You posted this a while ago, but I just joined and saw it. My thoughts are that things could go either way, no matter what you do. Try to help him not to take it personally. If she cries or doesn't reach for him, it isn't because she doesn't like him. I'll share our story briefly. My hubs first deployment was in Oct. 2006. Our son was born Nov. 2006. He is adopted and we had started the process just before hubs deployed. When our adoption was finalized, ds was 8 months old exactly and I had seen him once before at 3 months for a week. R&R got messed up so dh hadn't seen ds except in pictures and after an extension, he came home in Dec. 07. DS was days away from 14 months old. DH and I talked often about what to expect when he redeployed. We skyped when we could and ds carried a picture from our wedding. I talked about "daddy" all the time. But, nothing takes the place of physical proximity! DS took a day or two, but these two are inseparable now and were from about day 2.

Now, I thought it might also relate since I picked ds up at 8 months old. At that age, they're starting to "like" people for more than just meeting their needs, but it's still the most important thing. He cried that first night and somehow I felt that it was a "I miss that mom who took care of me" cry, but he still wanted me. I think a lot of it was just him being unsure if he could trust me to take care of him. Day 2 was a new day and WE are also inseparable!

Breathe and don't get too worked up. It sounds like you're doing the best you can to make his voice and face familiar. Just remember that she's going to be used to you and need some time to learn to trust him. On the opposite side, don't be surprised if she drops you like a bad habit and only wants daddy! That's about what happened to us and *I* was the one saying, "HEY, what about me?!" lol

If you ever want to chat about it, feel free to send me a message!

Amy


----------



## Sarah W (Feb 9, 2008)

Continue Skyping. Talk about daddy daily, show pics and videos if you have them.

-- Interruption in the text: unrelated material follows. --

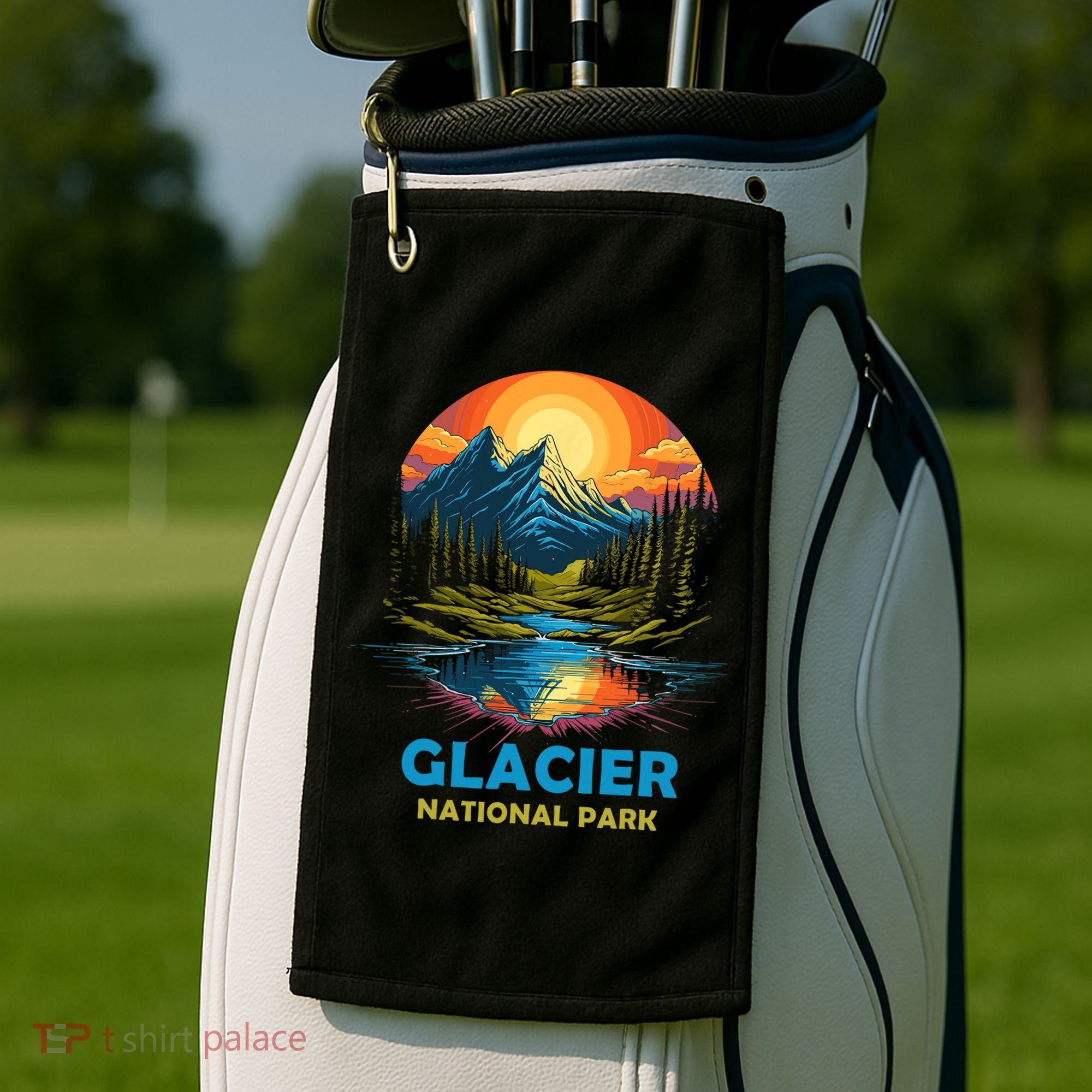 Glacier National Park Montana Mountains Trip Golf Towel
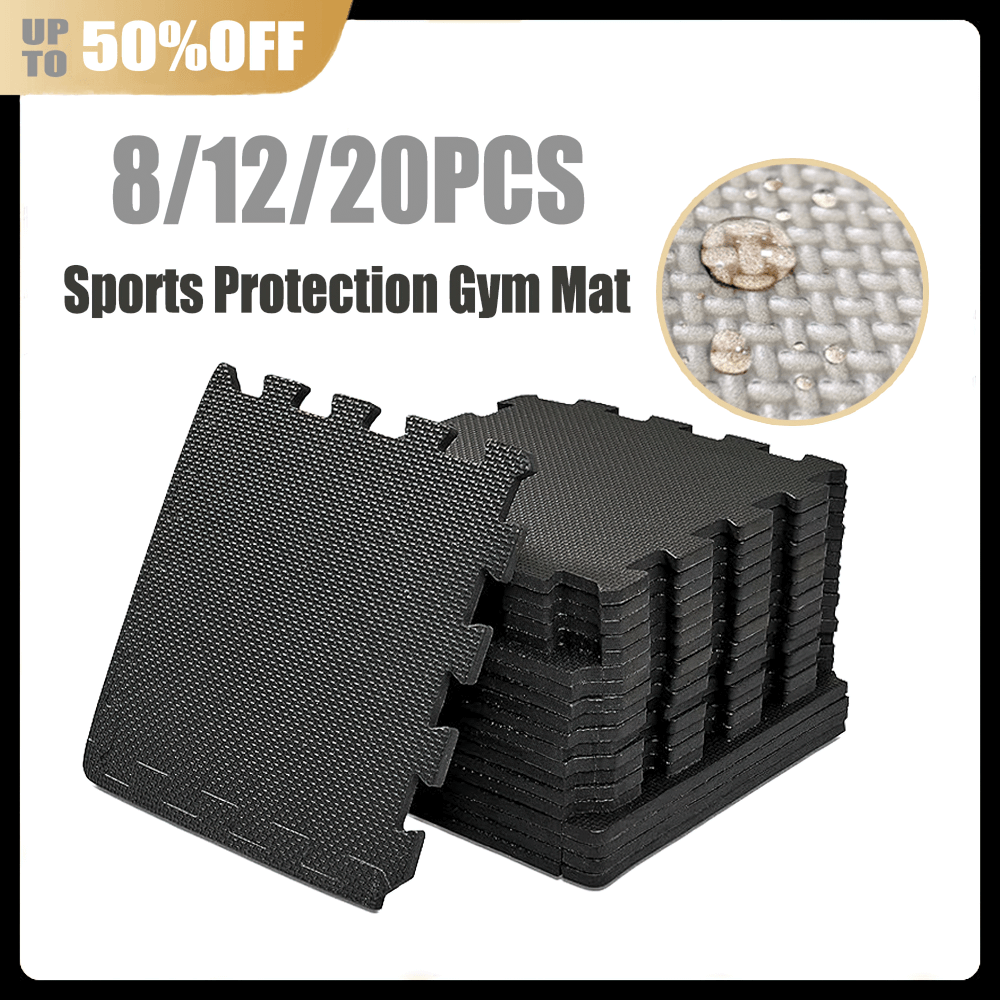 Stack of non-slip cross-pattern gym mats for stability in workouts, 8/12/20 pieces, durable protection, SF3037 model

When he gets back, take it slowly. He'll have no idea who he is, but he can/will warm up quickly. There will be a little bit of timidity from your child, but your husband has to understand not to take it personally. If he feels hurt, it's going to affect how he approaches her in the future. (not feeling hurt is easier said than done)

My daughter was 6 months old when I deployed and a little over a year when I got back. (I came home early) It was tough, because my husband had to go to a school, so we were all together for a few weeks and then he was gone for 2-3 weeks. It is tough to see your child get hurt and turn to someone else or when you walk up to them the first time and there's no recognition or excitement at all...It can be overcome, though!

DD is 2 1/2 now. My husband was just gone for a little over 3 months and while his absence did affect her, when he got back it was like he'd never been gone.


----------



## MaerynPearl (Jun 21, 2008)

Our daughter was 3 months old when daddy left and is 6 months old the day after tomorrow... yes she got 3 months with him before he deployed... but still she seems to recognize him from using Skype... it helps SO much.

Also, she has her daddydoll... which I am using to help her with the sign language for "daddy" when daddy is not on Skype.

Also, I have several shirts he wore before he left that has his scent on them (if you dont have any he can send you some) that we hold while Skyping with daddy because it is CRAZY how much help their tiny little noses are with picking up his specific body chemicals and helping her to adjust back to life with him when he comes home.


----------